• YOUR TASK:
When you reach the line containing "3Bears Overnight Oats Cinnamon Roll", include it and stop; until then, return each line of the material exactly, starting with the first.

↓↓↓

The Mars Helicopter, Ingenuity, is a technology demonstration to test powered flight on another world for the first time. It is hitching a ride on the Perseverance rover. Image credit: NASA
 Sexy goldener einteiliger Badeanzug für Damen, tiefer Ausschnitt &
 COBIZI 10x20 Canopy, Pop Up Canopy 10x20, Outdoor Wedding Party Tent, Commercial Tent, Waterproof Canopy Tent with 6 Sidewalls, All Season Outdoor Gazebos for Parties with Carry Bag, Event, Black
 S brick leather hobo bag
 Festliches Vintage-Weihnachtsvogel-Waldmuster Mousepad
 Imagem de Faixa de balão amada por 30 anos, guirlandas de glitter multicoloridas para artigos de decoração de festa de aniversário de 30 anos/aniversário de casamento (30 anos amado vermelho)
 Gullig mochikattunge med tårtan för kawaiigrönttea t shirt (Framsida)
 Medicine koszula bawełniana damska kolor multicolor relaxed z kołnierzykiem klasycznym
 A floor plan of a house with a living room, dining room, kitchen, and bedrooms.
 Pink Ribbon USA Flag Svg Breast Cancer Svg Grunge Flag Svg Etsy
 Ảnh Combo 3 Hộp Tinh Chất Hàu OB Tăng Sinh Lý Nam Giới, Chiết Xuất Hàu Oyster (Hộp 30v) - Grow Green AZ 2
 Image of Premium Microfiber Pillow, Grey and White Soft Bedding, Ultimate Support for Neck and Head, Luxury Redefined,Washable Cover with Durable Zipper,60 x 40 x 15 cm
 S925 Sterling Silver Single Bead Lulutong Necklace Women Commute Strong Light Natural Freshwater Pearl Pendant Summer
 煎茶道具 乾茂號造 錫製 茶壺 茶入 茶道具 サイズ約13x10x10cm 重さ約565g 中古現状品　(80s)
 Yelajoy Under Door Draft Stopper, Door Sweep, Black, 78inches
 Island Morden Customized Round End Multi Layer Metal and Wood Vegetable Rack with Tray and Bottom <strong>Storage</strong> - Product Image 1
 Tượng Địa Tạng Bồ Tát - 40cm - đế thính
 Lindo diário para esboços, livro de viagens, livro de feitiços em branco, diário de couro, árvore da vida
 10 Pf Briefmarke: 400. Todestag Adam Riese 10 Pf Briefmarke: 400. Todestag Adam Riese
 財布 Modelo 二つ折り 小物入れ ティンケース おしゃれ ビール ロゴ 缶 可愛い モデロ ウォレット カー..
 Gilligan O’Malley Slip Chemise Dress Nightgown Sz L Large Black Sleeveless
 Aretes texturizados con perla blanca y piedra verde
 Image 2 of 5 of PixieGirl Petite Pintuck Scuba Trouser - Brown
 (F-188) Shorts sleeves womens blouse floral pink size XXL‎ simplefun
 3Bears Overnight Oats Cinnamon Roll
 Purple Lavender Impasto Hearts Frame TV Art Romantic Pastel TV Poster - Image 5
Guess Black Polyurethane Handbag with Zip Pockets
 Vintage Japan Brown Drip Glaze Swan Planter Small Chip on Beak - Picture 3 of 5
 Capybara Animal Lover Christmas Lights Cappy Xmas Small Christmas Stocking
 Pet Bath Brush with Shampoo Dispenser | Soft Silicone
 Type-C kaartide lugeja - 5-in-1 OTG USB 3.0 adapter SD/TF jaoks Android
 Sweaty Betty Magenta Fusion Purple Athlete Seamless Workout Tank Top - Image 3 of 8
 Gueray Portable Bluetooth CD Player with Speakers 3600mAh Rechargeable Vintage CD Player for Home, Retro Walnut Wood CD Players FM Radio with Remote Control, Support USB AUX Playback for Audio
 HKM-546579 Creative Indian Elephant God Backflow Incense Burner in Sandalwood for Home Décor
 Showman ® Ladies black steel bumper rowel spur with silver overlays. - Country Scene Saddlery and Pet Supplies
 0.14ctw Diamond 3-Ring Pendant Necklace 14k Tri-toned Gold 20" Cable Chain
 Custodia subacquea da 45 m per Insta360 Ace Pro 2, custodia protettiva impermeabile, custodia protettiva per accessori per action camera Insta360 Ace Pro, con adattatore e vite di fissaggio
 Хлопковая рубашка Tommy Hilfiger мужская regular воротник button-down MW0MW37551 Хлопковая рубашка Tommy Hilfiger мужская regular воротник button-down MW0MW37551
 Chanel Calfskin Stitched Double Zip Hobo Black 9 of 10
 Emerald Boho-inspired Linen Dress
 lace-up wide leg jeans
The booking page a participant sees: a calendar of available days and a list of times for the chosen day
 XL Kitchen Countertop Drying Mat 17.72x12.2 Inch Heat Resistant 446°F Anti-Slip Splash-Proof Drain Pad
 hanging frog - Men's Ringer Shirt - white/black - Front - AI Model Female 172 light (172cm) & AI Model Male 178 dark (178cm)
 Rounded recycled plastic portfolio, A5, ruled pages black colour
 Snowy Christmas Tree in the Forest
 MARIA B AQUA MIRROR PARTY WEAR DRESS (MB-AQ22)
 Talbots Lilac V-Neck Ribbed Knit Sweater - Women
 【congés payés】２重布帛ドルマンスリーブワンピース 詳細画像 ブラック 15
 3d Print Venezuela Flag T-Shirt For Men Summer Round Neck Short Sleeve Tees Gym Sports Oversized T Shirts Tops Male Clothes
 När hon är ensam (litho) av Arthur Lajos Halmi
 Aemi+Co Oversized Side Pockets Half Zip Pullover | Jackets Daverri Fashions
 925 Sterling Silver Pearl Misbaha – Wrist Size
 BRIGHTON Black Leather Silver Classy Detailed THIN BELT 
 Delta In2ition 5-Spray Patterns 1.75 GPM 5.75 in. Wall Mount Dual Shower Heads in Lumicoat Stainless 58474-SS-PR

↑↑↑

• SOLVED EXERCISE:
The Mars Helicopter, Ingenuity, is a technology demonstration to test powered flight on another world for the first time. It is hitching a ride on the Perseverance rover. Image credit: NASA
 Sexy goldener einteiliger Badeanzug für Damen, tiefer Ausschnitt &
 COBIZI 10x20 Canopy, Pop Up Canopy 10x20, Outdoor Wedding Party Tent, Commercial Tent, Waterproof Canopy Tent with 6 Sidewalls, All Season Outdoor Gazebos for Parties with Carry Bag, Event, Black
 S brick leather hobo bag
 Festliches Vintage-Weihnachtsvogel-Waldmuster Mousepad
 Imagem de Faixa de balão amada por 30 anos, guirlandas de glitter multicoloridas para artigos de decoração de festa de aniversário de 30 anos/aniversário de casamento (30 anos amado vermelho)
 Gullig mochikattunge med tårtan för kawaiigrönttea t shirt (Framsida)
 Medicine koszula bawełniana damska kolor multicolor relaxed z kołnierzykiem klasycznym
 A floor plan of a house with a living room, dining room, kitchen, and bedrooms.
 Pink Ribbon USA Flag Svg Breast Cancer Svg Grunge Flag Svg Etsy
 Ảnh Combo 3 Hộp Tinh Chất Hàu OB Tăng Sinh Lý Nam Giới, Chiết Xuất Hàu Oyster (Hộp 30v) - Grow Green AZ 2
 Image of Premium Microfiber Pillow, Grey and White Soft Bedding, Ultimate Support for Neck and Head, Luxury Redefined,Washable Cover with Durable Zipper,60 x 40 x 15 cm
 S925 Sterling Silver Single Bead Lulutong Necklace Women Commute Strong Light Natural Freshwater Pearl Pendant Summer
 煎茶道具 乾茂號造 錫製 茶壺 茶入 茶道具 サイズ約13x10x10cm 重さ約565g 中古現状品　(80s)
 Yelajoy Under Door Draft Stopper, Door Sweep, Black, 78inches
 Island Morden Customized Round End Multi Layer Metal and Wood Vegetable Rack with Tray and Bottom <strong>Storage</strong> - Product Image 1
 Tượng Địa Tạng Bồ Tát - 40cm - đế thính
 Lindo diário para esboços, livro de viagens, livro de feitiços em branco, diário de couro, árvore da vida
 10 Pf Briefmarke: 400. Todestag Adam Riese 10 Pf Briefmarke: 400. Todestag Adam Riese
 財布 Modelo 二つ折り 小物入れ ティンケース おしゃれ ビール ロゴ 缶 可愛い モデロ ウォレット カー..
 Gilligan O’Malley Slip Chemise Dress Nightgown Sz L Large Black Sleeveless
 Aretes texturizados con perla blanca y piedra verde
 Image 2 of 5 of PixieGirl Petite Pintuck Scuba Trouser - Brown
 (F-188) Shorts sleeves womens blouse floral pink size XXL‎ simplefun
 3Bears Overnight Oats Cinnamon Roll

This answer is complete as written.